The Hydrogen Roadmap is Alberta’s path to building a provincial hydrogen economy and accessing global markets. The following markets are targets for the growth of clean hydrogen.

Export of clean hydrogen

Canada ranks in the top 10 of global hydrogen producers. Alberta is the largest hydrogen producer in Canada, producing approximately 2.4 million tonnes of hydrogen per year in 2018 for various industrial applications, including oil upgrading and refining, and chemical production. International demand for clean hydrogen is growing in Asia Pacific, European and North American markets. Alberta is in a very strong position to support this emerging global hydrogen demand and hydrogen export could play a major role in Alberta’s future energy competitiveness.
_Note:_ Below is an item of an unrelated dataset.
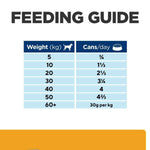 Load image into Gallery viewer, Feeding guide for pet food with weight and can consumption details.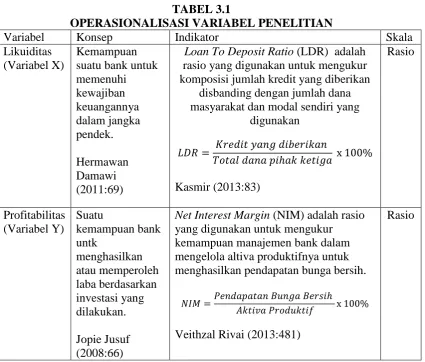 TABEL 3.1 OPERASIONALISASI VARIABEL PENELITIAN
Analysis conducted in support of the Hydrogen Roadmap indicates that Alberta’s capacity for clean hydrogen production could be approximately 45 million tonnes per year, demonstrating that Alberta has production capacity to satisfy local demand, and provide significant export quantities to other Canadian provinces as well as international markets.

Industrial processes

Alberta industrial processes have used natural gas-based hydrogen as an industrial process input. Alberta currently produces approximately 2.4 million tonnes of hydrogen per year for industrial processes. About 55% of Alberta’s current hydrogen production is used for heavy oil upgrading, 38% is used for the chemical sector and chemical industry by-products, and 7% for oil refining.

Industrial processes using hydrogen includes bitumen upgrading and refining for the oil and gas industry, as well as chemical applications such as ammonia and methanol production for the agricultural sector. See Hydrogen 101 for more information.

Current hydrogen producers are already looking at a variety of solutions to reduce emissions for their existing industrial processes, including decarbonizing existing ways of producing hydrogen. See the listing of current producers in economic opportunities.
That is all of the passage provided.